Wherever the records include pictures, skip them and transcribe all the rest word for word.

RECORDS FOR THIS EXERCISE:
• • • • • • •
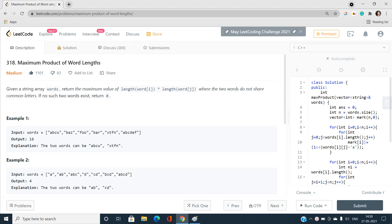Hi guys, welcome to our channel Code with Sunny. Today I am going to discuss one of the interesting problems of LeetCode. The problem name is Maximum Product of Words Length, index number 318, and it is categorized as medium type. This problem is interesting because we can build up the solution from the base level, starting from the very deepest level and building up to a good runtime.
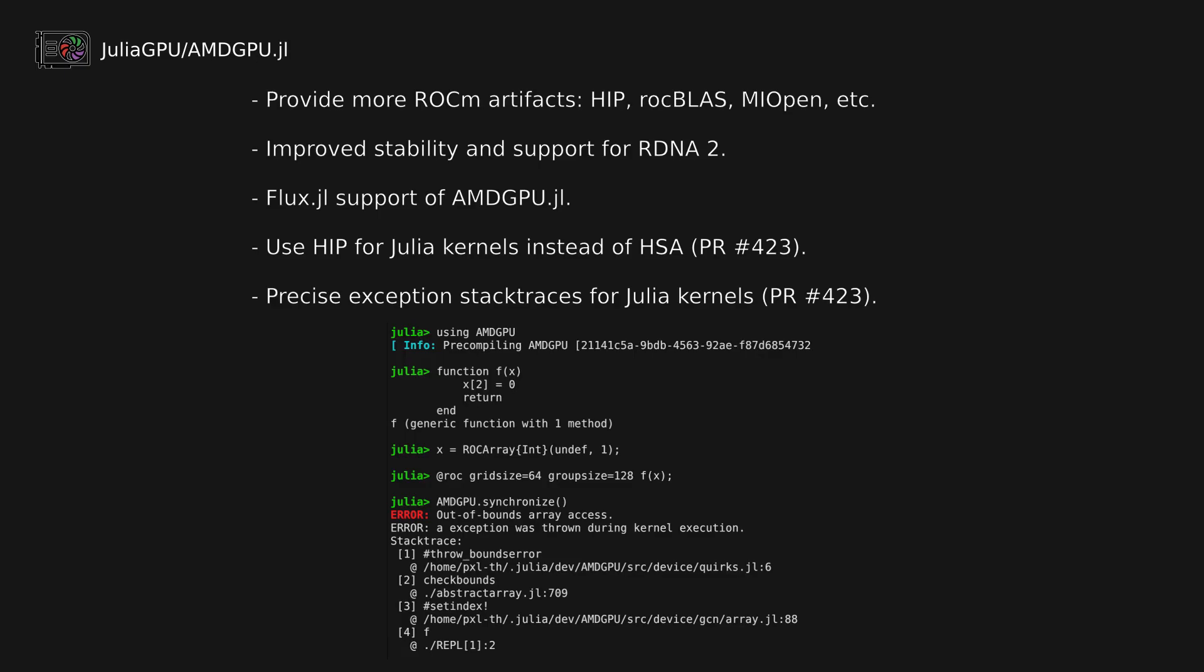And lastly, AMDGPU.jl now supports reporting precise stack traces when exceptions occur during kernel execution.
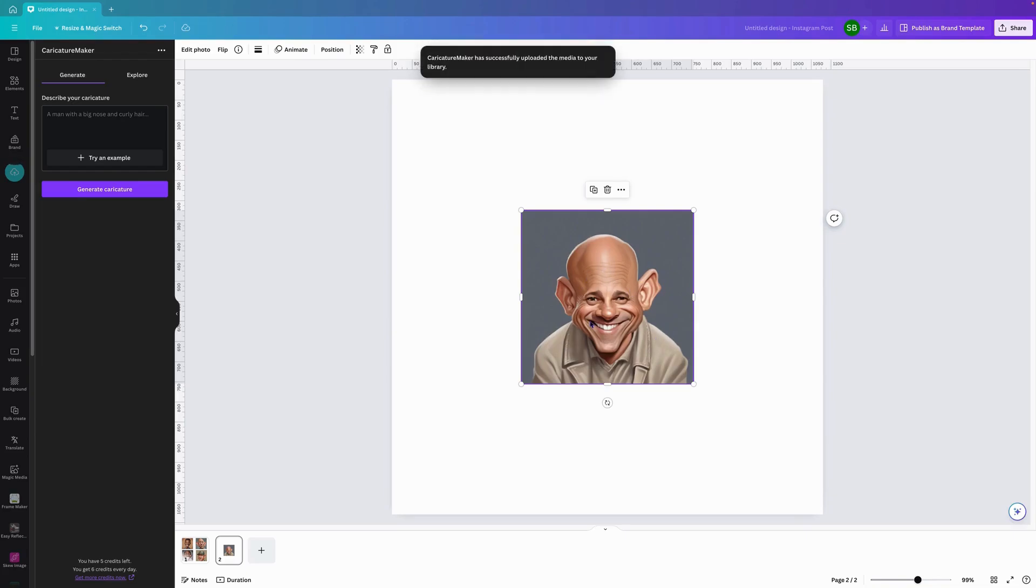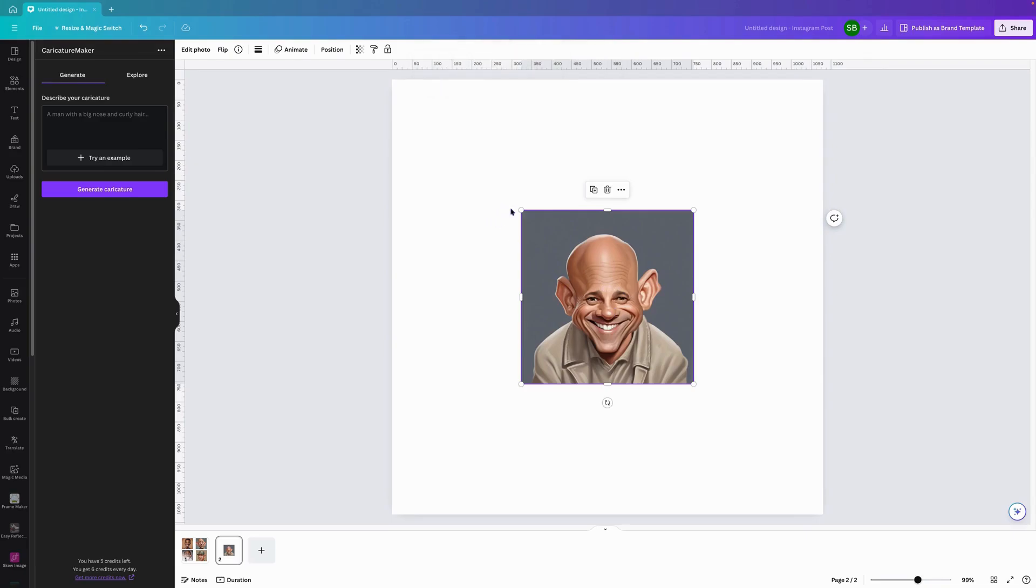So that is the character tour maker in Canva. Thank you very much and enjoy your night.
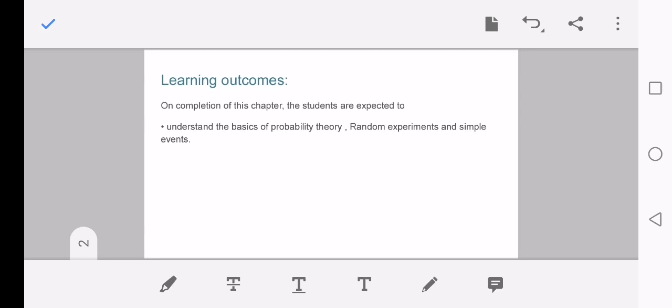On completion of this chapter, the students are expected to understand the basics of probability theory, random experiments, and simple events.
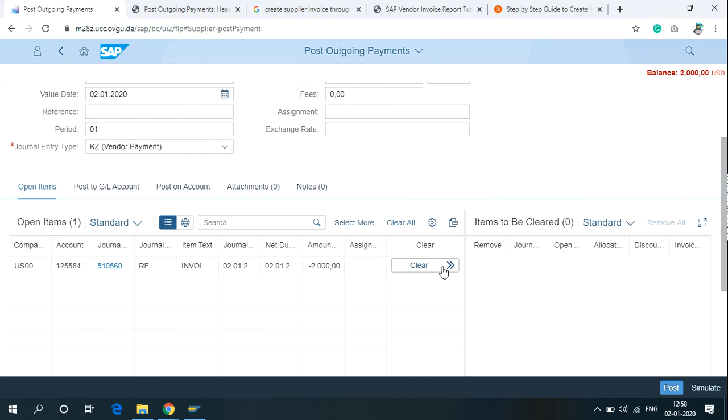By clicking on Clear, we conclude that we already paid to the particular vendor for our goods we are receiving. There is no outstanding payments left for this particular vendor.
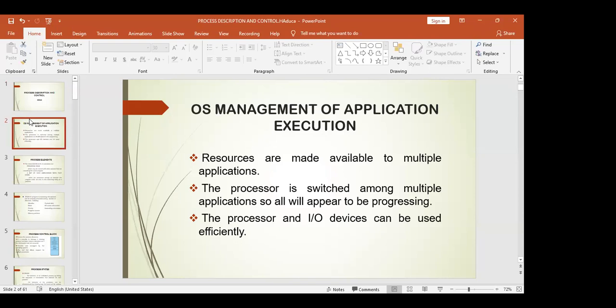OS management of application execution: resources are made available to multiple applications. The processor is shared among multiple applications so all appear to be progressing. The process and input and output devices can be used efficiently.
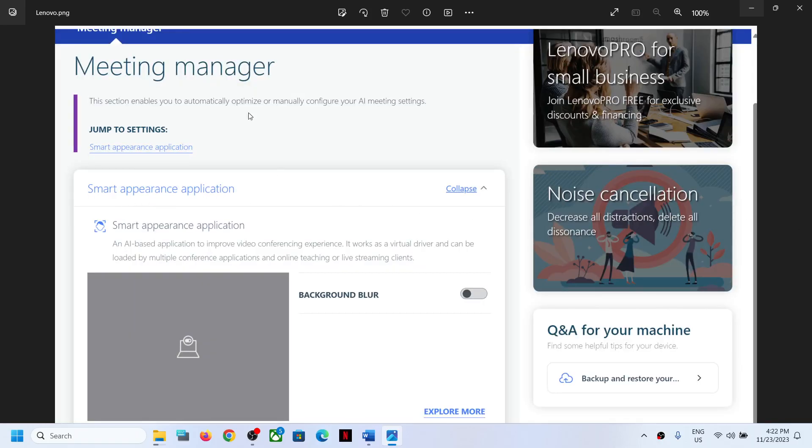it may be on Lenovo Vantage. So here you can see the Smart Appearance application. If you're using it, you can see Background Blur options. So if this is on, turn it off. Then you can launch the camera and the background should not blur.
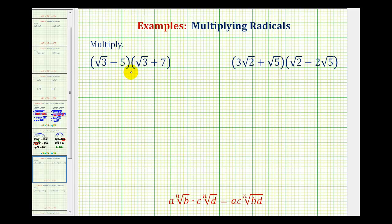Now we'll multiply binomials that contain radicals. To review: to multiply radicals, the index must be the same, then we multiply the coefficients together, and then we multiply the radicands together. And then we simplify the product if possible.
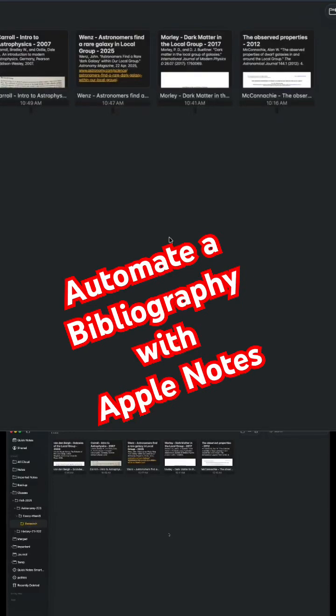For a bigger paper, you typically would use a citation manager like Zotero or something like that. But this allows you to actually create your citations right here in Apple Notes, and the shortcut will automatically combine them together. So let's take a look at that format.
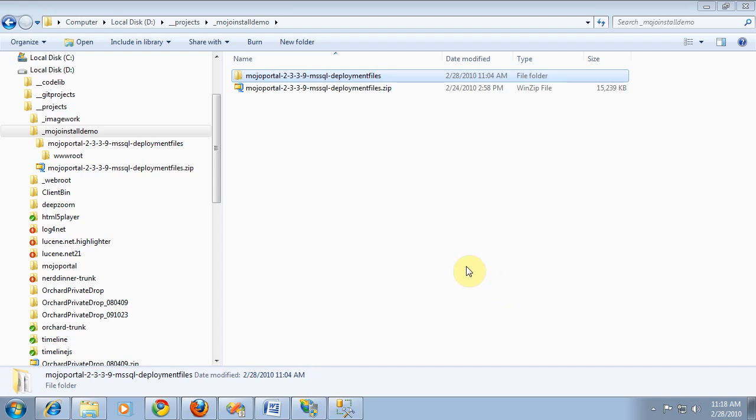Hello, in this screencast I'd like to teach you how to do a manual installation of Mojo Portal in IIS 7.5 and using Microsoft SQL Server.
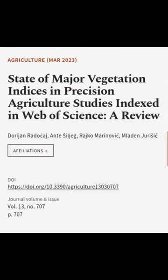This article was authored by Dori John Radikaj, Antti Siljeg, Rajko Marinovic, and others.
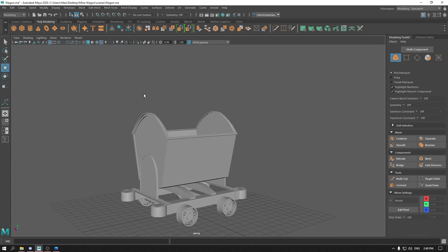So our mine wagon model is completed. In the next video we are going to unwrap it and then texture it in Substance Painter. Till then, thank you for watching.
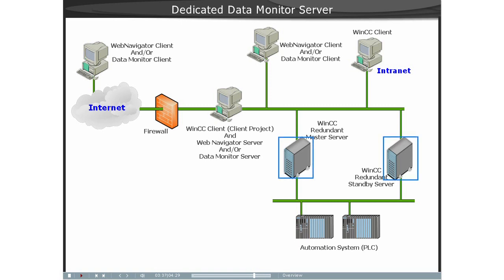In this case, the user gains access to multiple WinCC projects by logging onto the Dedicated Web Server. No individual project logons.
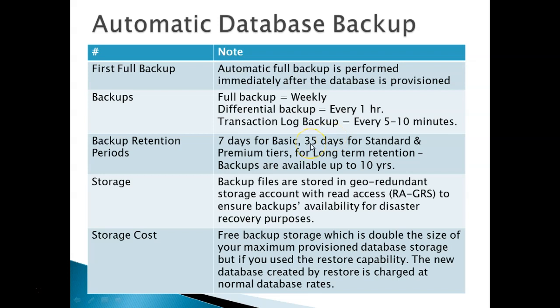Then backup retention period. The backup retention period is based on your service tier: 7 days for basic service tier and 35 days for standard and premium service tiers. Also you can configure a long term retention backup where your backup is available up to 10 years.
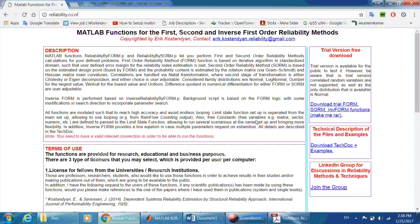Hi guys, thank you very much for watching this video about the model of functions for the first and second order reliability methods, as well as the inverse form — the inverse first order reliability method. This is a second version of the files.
• • • • • • •
REPLY TO THE TASK:
Hi guys, welcome to our channel Code with Sunny. Today I am going to discuss one of the interesting problems of LeetCode. The problem name is Maximum Product of Words Length, index number 318, and it is categorized as medium type. This problem is interesting because we can build up the solution from the base level, starting from the very deepest level and building up to a good runtime.
And lastly, AMDGPU.jl now supports reporting precise stack traces when exceptions occur during kernel execution.
So that is the character tour maker in Canva. Thank you very much and enjoy your night.
On completion of this chapter, the students are expected to understand the basics of probability theory, random experiments, and simple events.
By clicking on Clear, we conclude that we already paid to the particular vendor for our goods we are receiving. There is no outstanding payments left for this particular vendor.
OS management of application execution: resources are made available to multiple applications. The processor is shared among multiple applications so all appear to be progressing. The process and input and output devices can be used efficiently.
it may be on Lenovo Vantage. So here you can see the Smart Appearance application. If you're using it, you can see Background Blur options. So if this is on, turn it off. Then you can launch the camera and the background should not blur.
Now we'll multiply binomials that contain radicals. To review: to multiply radicals, the index must be the same, then we multiply the coefficients together, and then we multiply the radicands together. And then we simplify the product if possible.
For a bigger paper, you typically would use a citation manager like Zotero or something like that. But this allows you to actually create your citations right here in Apple Notes, and the shortcut will automatically combine them together. So let's take a look at that format.
Hello, in this screencast I'd like to teach you how to do a manual installation of Mojo Portal in IIS 7.5 and using Microsoft SQL Server.
This article was authored by Dori John Radikaj, Antti Siljeg, Rajko Marinovic, and others.
So our mine wagon model is completed. In the next video we are going to unwrap it and then texture it in Substance Painter. Till then, thank you for watching.
In this case, the user gains access to multiple WinCC projects by logging onto the Dedicated Web Server. No individual project logons.
Then backup retention period. The backup retention period is based on your service tier: 7 days for basic service tier and 35 days for standard and premium service tiers. Also you can configure a long term retention backup where your backup is available up to 10 years.
Hi guys, thank you very much for watching this video about the model of functions for the first and second order reliability methods, as well as the inverse form — the inverse first order reliability method. This is a second version of the files.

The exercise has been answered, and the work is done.